The invention relates to a pedestrian re-identification method based on depth measurement, which comprises the following steps: 1) Training a ResNet-50 network by taking the ImageNet data set as a training data set to enable the ResNet-50 network to have an initial value; 2) Removing the softmax layer and the last fully-connected layer of the ResNet-50 network; 3) Forming a depth measurement network by using a plurality of nonlinear full-connection layers, and adding an Euclidean distance calculating unit after outputting; 4) Connecting a depth measurement network after the ResNet-50 network is adjusted to form a final network model of the invention; 5) Randomly cutting images in the pedestrian re-identification training data set to obtain a group of training data sets with 224 multiplied by 224, randomly selecting pedestrians with different P positions from the training data sets, and randomly selecting K images for each pedestrian to form a small training batch; 6) Optimizing the network in 4) by minimizing Hard Triplet Loss loss function using the training data obtained in 5), and performing this step in a loop until the loss value converges; 7) Inputting the pedestrian image to be identified and the images in the candidate library into the optimized model, and obtaining the feature vector of the pedestrian image on the same feature space; 8) And calculating Euclidean distance between the feature vectors, sequencing the distance, and finally obtaining the matching rate of the pedestrian image to be identified and the comparison image.

Description

Pedestrian re-identification method based on depth measurement
Technical Field
The invention relates to the field of intelligent analysis of surveillance videos, in particular to a pedestrian re-identification method based on depth measurement.
Background
Pedestrian re-identification refers to the problem of matching pedestrians under different camera angles in a system consisting of multiple cameras, and relates to numerous research hotspots such as feature selection, saliency extraction, distance measurement learning, deep learning and the like.
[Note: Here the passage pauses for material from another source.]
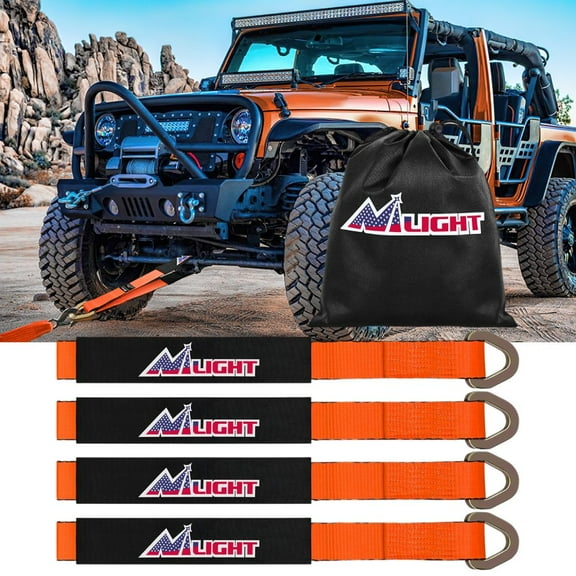4 Pcs 38" x 2" Axle Strap with Protective Sleeve and D-Ring for Securing Car Transport, Capacity 11,127 Breaking Strength for Truck, Trailer, UTV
The pedestrian re-identification technology provides key help for analysis of different aspects of pedestrian identity, tracking and the like, and is developed into a key component in the intelligent video monitoring field.
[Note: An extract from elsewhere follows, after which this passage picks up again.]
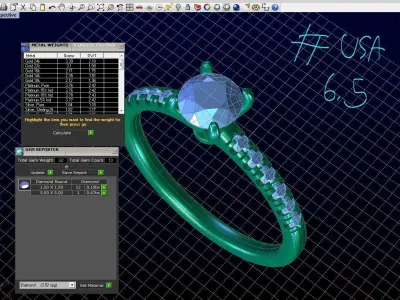 ZDR037 solitaire diamond engagement ring gold 3D print model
The main methods in the pedestrian re-recognition field can be divided into the following two categories: 1) A pedestrian re-identification method based on characteristic representation; 2) A method based on distance metric learning.
The former aims at designing or learning features that are robust to changes in illumination and viewing angle, etc., and this type of approach typically combines multiple underlying visual features, where the underlying secondary features are typically color (color space, histogram, dominant color, etc.) and texture (LBP, gabor, co-occurrence matrix, etc.) features. For example: symmetry-based cumulative feature descriptors, covariance descriptors, horizontal stripe-based partition descriptors, pyramid match descriptors, pattern matches, saliency matches, deep learning models, and so forth. The method solves the problems of illumination, visual angle and the like to a certain extent, but only can extract the bottom visual information, the feature extraction rule is fixed, and the robustness and the adaptability of the features are limited to a certain extent.
The latter is focused on designing a similarity metric model suitable for pedestrian re-recognition. The existing distance measurement model is mainly divided into a non-learning method and a learning method. First-order distance, second-order distance, papanicolaou distance, etc. are non-learning methods that are generally mathematically simple. However, the recognition result is not ideal due to the influence of problems such as redundancy, robustness, and the like of the extracted pedestrian features. The measurement method based on learning generally learns the identification information of the appearance characteristics of the same pedestrian and different pedestrians under different cameras, and optimizes the difference and the similarity between samples, so that the identification effect is relatively good. The method mainly comprises RankSVM, relative distance comparison, metric learning based on a kernel method, mahalanobis distance learning, deep metric learning, metric integration and the like.
In general, the above method divides the pedestrian re-recognition process into two steps: the feature representation and the distance measure are then optimized for each of the two steps. These fracture the feature representation and the metric, while in practice the distance metric effect and the feature representation have a close relationship and are not completely cuttable.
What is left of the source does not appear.